「本人関与後退」を懸念、AI時代の消費者保護強化求める。個人情報保護法改正成立、全国消団連が声明

 改正個人情報保護法が7月10日の参議院本会議で可決・成立したことを受け、一般社団法人全国消費者団体連絡会(全国消団連)は7月13日、デジタル大臣や消費者担当大臣、個人情報保護委員会などに対し、声明を提出し、消費者保護のさらなる強化を求めた。


 今回成立した改正法は、デジタル化や人工知能(AI)の急速な発展を踏まえ、個人情報の利活用を促進するとともに、制度の見直しなどを図る内容。国会審議では、AIの発展に伴う個人情報保護のあり方やデータ利活用とのバランスについて議論が行われ、衆参両院で付帯決議も採択された。
 一方、全国消団連は声明の中で、「データ利活用の拡大に伴い、個人の権利利益を侵害するリスクは高まっている」と指摘。今回の改正には、AI開発や統計利用などを理由として本人の同意を不要とする例外規定の拡大や、要配慮個人情報の取り扱いの緩和、情報漏えい時の本人通知義務の緩和などが盛り込まれたことから、「本人が自らの情報利用を把握し、関与する機会が後退する恐れがある」と懸念を示した。
 また、新たに導入される課徴金制度についても、安全管理措置義務違反が対象外となっている点を問題視。近年発生している大規模な個人情報漏えいの多くは、安全管理体制の不備が原因であるとして、「十分な抑止効果は期待できない」と制度の見直しを求めている。

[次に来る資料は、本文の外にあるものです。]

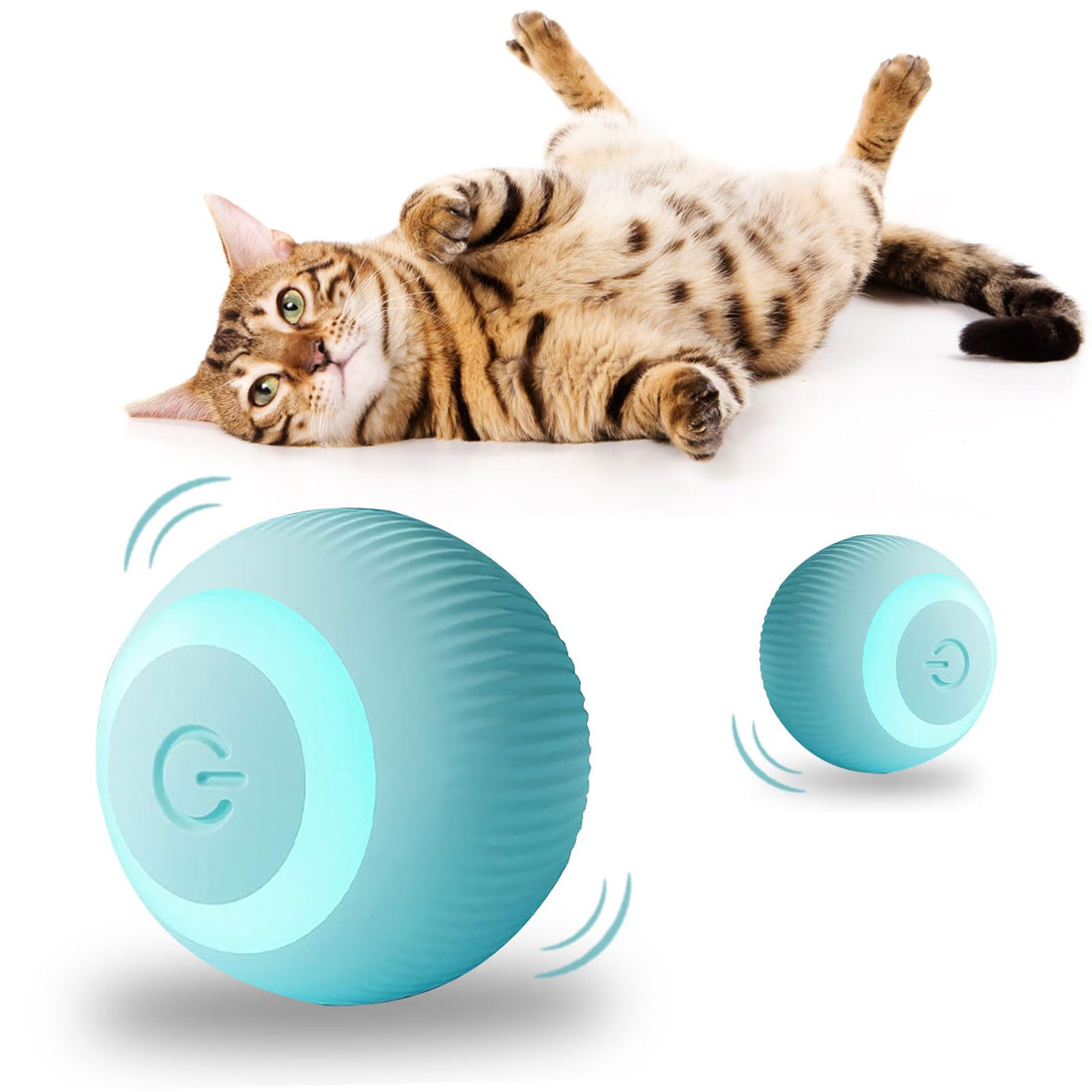 Interactive Cat Toy Ball Electric Cat Ball with LED Light Automatic 360° Rollball Smart Interactive Cat Ball USB Rechargeable Automatic Bouncing Ball for Indoor Kittens (Blue)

 さらに、全国消団連が以前から要望してきた「適格消費者団体による差止請求制度」や「集団的な被害回復制度」が改正法に盛り込まれなかったことについても、「違法・不適切な個人情報利用を迅速に止め、多数の消費者被害を回復する仕組みが不可欠」として、今後の制度整備を求めている。
 声明では、付帯決議の趣旨を踏まえ、本人同意不要の例外規定や課徴金制度の再構築、AI・プロファイリング規制の強化、子どもの個人情報保護の充実などについて、法の見直し時期を待たず速やかに検討を開始するよう要請。あわせて、今後策定される個人情報保護委員会規則やガイドラインについても、消費者団体を含めた公開の議論を行い、透明性の高い制度運営を実現するよう求めている。
 AIやビッグデータの活用が急速に広がる中、個人情報の利活用と消費者の権利保護をどう両立させるかは今後の大きな課題。改正法成立を1つの節目として、制度運用や追加的な法整備に向けた議論が引き続き注目される。